------ Information given

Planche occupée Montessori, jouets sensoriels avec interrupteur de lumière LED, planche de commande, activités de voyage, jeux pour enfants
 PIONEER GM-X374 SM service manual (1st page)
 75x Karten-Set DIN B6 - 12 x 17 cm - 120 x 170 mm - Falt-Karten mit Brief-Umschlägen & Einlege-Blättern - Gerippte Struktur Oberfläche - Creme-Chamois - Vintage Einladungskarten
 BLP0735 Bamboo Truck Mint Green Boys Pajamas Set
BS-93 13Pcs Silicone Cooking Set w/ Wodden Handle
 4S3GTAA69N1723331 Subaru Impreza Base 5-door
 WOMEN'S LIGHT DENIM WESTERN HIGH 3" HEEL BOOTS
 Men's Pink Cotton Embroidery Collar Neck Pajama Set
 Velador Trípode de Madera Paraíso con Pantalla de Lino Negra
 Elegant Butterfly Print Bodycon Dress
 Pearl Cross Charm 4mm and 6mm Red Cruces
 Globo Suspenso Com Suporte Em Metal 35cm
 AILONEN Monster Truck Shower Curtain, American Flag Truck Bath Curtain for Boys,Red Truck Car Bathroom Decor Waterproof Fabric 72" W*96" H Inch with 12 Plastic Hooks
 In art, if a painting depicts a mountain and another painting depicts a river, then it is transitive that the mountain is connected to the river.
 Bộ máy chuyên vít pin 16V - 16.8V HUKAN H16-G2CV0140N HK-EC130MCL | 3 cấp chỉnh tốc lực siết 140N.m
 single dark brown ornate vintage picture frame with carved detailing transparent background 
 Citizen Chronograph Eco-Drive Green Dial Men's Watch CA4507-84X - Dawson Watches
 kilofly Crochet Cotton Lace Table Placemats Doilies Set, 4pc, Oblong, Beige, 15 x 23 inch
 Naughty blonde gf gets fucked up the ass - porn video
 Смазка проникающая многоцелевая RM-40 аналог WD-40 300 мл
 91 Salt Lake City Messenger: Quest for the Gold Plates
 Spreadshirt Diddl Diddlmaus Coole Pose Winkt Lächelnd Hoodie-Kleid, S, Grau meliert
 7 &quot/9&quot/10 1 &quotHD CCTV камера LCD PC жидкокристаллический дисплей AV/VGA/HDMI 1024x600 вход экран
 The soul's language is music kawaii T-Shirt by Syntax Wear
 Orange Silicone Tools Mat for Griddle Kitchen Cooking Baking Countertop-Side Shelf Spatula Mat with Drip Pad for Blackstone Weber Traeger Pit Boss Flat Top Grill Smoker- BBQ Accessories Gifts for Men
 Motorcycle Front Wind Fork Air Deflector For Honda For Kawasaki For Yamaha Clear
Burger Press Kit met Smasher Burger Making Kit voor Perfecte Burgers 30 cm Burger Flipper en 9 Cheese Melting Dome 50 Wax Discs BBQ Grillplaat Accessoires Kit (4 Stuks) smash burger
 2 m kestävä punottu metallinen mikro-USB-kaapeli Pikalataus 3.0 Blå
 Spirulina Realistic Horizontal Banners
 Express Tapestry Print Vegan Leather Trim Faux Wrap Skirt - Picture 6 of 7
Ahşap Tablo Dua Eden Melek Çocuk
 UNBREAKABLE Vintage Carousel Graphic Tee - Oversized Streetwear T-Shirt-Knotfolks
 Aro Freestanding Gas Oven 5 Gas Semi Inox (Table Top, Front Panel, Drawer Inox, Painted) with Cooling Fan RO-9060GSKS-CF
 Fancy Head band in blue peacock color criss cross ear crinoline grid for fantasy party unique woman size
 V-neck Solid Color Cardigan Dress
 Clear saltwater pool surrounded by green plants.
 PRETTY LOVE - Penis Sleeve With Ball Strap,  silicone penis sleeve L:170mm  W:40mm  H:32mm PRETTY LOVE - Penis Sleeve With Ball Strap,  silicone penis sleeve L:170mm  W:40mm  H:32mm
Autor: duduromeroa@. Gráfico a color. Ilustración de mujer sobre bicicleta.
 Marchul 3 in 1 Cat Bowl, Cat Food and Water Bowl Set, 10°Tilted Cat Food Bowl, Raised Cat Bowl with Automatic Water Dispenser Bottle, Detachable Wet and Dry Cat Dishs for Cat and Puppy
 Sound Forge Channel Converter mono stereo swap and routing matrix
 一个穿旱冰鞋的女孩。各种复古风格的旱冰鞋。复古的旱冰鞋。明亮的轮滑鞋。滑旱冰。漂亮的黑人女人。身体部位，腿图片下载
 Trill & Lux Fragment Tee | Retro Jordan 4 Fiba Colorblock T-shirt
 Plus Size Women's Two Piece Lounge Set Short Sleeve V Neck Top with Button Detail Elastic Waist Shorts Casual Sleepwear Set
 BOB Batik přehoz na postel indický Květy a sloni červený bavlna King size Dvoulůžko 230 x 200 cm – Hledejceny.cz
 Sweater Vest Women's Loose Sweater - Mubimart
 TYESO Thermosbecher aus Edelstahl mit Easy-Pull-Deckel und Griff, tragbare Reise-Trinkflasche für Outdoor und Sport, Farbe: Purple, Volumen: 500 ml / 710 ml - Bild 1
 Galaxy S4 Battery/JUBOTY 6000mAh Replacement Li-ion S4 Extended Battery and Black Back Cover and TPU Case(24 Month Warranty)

------------

*Activity*. Scan the data above for the string "Sleeve" and copy each line where it appears.

*Solution for this exercise*.
 PRETTY LOVE - Penis Sleeve With Ball Strap,  silicone penis sleeve L:170mm  W:40mm  H:32mm PRETTY LOVE - Penis Sleeve With Ball Strap,  silicone penis sleeve L:170mm  W:40mm  H:32mm
 Plus Size Women's Two Piece Lounge Set Short Sleeve V Neck Top with Button Detail Elastic Waist Shorts Casual Sleepwear Set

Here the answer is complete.